Mental health and COVID-19

The pandemic aggravated the situation by causing fear, creating isolation, insecurity, loss of stability, income and loss of loved ones.

The Health at a Glance Europe 2020 report noted that the COVID-19 pandemic and the subsequent economic crisis caused a growing burden on the mental well-being of the citizens, with evidence of higher rates of stress, anxiety and depression. Young people and people in lower-income groups being considered at increased risk. Disruptions to health care for those with pre-existing mental health conditions constitute a significant part of the negative impact that the pandemic had on mental health.

The mental health challenge posed by the COVID-19 pandemic is getting more and more complex. DG SANTE has set up a dedicated network space on its Health Policy Platform for health and social stakeholder organisations to exchange specific mental health practice and knowledge related to COVID-19.

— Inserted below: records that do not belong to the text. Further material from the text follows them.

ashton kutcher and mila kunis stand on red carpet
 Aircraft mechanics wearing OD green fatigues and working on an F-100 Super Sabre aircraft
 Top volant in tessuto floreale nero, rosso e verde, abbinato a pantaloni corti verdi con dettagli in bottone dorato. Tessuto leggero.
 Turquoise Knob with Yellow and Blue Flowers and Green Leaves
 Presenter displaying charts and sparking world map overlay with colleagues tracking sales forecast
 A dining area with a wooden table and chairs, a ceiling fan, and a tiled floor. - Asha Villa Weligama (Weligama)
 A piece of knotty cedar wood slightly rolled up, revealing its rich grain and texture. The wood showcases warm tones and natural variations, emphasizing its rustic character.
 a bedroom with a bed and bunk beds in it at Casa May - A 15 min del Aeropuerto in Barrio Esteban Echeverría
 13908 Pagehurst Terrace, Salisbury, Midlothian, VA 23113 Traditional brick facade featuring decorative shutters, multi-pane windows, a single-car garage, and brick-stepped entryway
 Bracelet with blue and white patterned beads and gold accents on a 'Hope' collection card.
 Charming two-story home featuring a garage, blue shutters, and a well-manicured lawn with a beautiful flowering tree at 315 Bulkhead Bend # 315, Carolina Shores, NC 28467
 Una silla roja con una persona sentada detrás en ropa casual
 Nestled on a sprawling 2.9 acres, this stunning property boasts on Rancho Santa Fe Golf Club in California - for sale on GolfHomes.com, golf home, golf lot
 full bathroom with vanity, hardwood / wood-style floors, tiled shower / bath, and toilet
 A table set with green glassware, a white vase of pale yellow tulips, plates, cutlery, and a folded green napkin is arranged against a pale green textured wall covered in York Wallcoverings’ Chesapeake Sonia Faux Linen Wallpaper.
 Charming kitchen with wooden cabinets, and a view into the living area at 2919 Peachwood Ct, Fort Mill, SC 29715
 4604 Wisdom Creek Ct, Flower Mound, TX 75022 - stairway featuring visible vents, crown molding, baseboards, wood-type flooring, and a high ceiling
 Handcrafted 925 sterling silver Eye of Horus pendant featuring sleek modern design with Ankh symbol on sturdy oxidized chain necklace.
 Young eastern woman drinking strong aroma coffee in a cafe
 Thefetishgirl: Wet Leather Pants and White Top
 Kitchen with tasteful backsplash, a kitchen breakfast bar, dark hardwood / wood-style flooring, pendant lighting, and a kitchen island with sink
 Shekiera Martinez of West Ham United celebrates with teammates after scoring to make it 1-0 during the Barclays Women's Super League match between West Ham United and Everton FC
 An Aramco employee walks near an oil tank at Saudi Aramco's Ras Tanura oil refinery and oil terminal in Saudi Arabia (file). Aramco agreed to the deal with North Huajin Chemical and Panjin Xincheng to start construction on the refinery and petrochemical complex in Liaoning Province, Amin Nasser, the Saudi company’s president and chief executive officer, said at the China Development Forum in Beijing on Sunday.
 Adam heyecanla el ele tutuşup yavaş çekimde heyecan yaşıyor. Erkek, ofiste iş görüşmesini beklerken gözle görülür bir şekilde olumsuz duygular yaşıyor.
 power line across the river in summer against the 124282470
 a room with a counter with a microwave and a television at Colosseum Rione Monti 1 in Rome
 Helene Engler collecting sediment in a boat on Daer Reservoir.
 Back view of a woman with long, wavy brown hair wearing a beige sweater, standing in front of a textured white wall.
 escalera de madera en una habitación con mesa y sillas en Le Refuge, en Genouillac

Co-ordinated by Mental Health Europe, this virtual network includes a focus on the needs of vulnerable groups such as the homeless, people with pre-existing conditions, and older people. The web space also holds a virtual library.

A first webinar to share the results of an initial mapping exercise was held on 16 October 2020, focusing on the mental health needs of healthcare workers.


The European Commission has long been dedicated to improving the mental health of the population, as it is possible to understand through an overview of the past activities.

The Commission’s work on non-communicable diseases and mental health builds on international policy frameworks, notably the UN Sustainable Development Goals and the 9 global voluntary targets set by the World Health Organization on Non-Communicable Diseases. The Commission’s efforts focus on supporting and complementing EU countries' policies.

The Steering Group on Health Promotion, Disease Prevention and Management of Non-Communicable Diseases (SGPP - an expert group with representatives from EU countries’ health ministries) was formally established in 2018 to support Member States in reaching the health targets of the Sustainable Development Goals.

The Commission presents to the Steering Group best practices and approaches selected according to national and EU priorities. EU countries then indicate which of those they are interested in implementing or scaling-up.

Open, as well as targeted, calls for best practices are published in the Best Practice Portal. It also provides an overview of practices collected and transmitted in actions co-funded under the Health Programmes.

In 2018, the SGPP prioritized mental health as the area for best practice implementation. In May 2019, a pre-selection of best practices was presented to EU countries who then ranked them according to the relevance to their national priorities.

Financial support has been made available via the Health Programme’s 2020 Annual Work Plan to co-fund the implementation of three practices that received the highest ranking:

  • a mental health system reform focusing on strengthening client-centered community-based services, as developed in Belgium
  • a multi-level national suicide prevention programme developed in Austria
  • a step-wise intervention programme to tackle depression, developed through European collaboration

A proposal for a Joint Action (ImpleMENTAL) to roll out the mental health system reform and suicide prevention examples is being rolled-out in 2021. The step-wise intervention programme to tackle depression will be implemented via the EAAD Best project.

EU’s efforts in the field of mental health aim to support real action on the ground where it matters most to EU countries.